Reader James H. spotted this offensive pie chart in Forbes (link).


This chart tells us that emerging markets will be responsible for the greatest growth in medical spending up to 2016.

It is hard to find this message in the chart. The gray sector for Japan in 2006 reads 10%, the exact same number as the gray sector in 2016, which appears several times as large. In a pie chart, it is hard enough to compare the sectoral areas within a pie, let alone sectors of different-sized pies.

James noticed that the pie areas are incorrect. The 2016 pie should be roughly double the area of the 2006 pie. This is not the case. It seems like the radius of the 2016 pie is at least three times larger than that of the 2006 pie.


As usual, a line chart brings out the trend more clearly:



The projected numbers should be clearly labelled as such. "2016" should read "2016P". I'm not sure if the 2011 number was projected also - depends on when the data source was published.

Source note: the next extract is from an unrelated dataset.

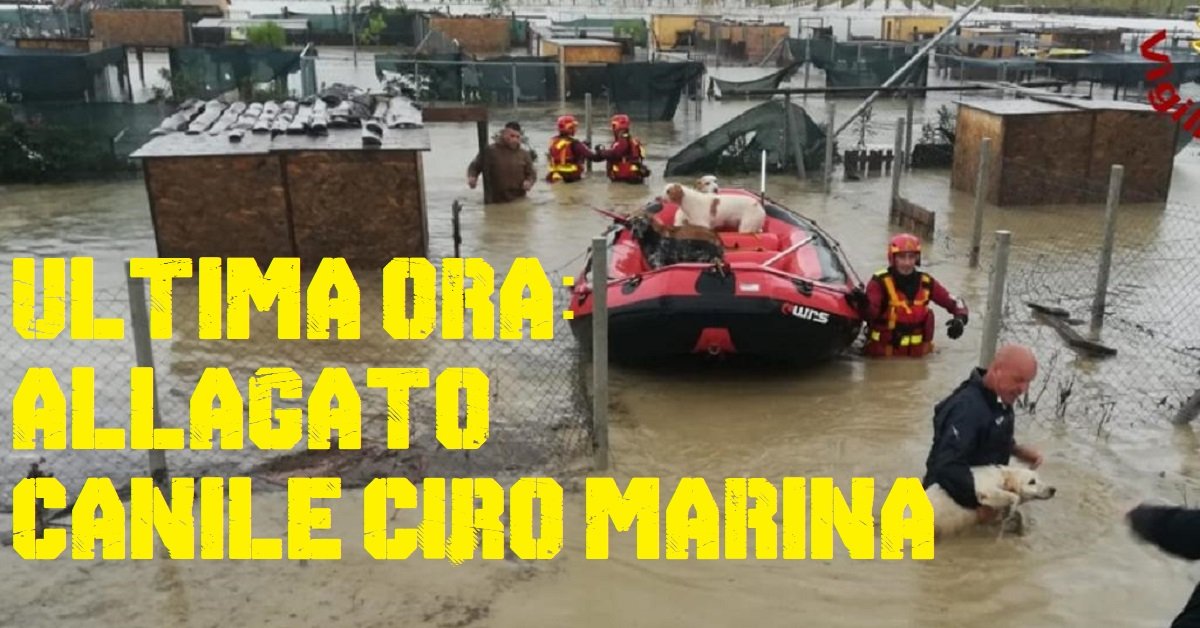 Canile Cirò Marina allagato: a rischio le vite dei cani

The worst thing about this chart is it's completely misleading. It fails to recognize that there are many billions of people in emerging markets and "rest of the world" while U.S, Europe and Japan combined have just over one billion people. Thus, all this chart is really saying is that population growth in the next several years will mostly occur in emerging markets. One can substitute medical spending with any kind of mass market spending and have essentially the same picture.

Below are a rough estimate of the per-capita medical spending by region using population sizes in 2011. For emerging markets, I have substitued BRIC i.e. Brazil, Russia, India and China, which underestimates the population and thus overestimates the per-capita spend. These parts of the world spend a fraction of what industrialized countries are spending. So what's the story?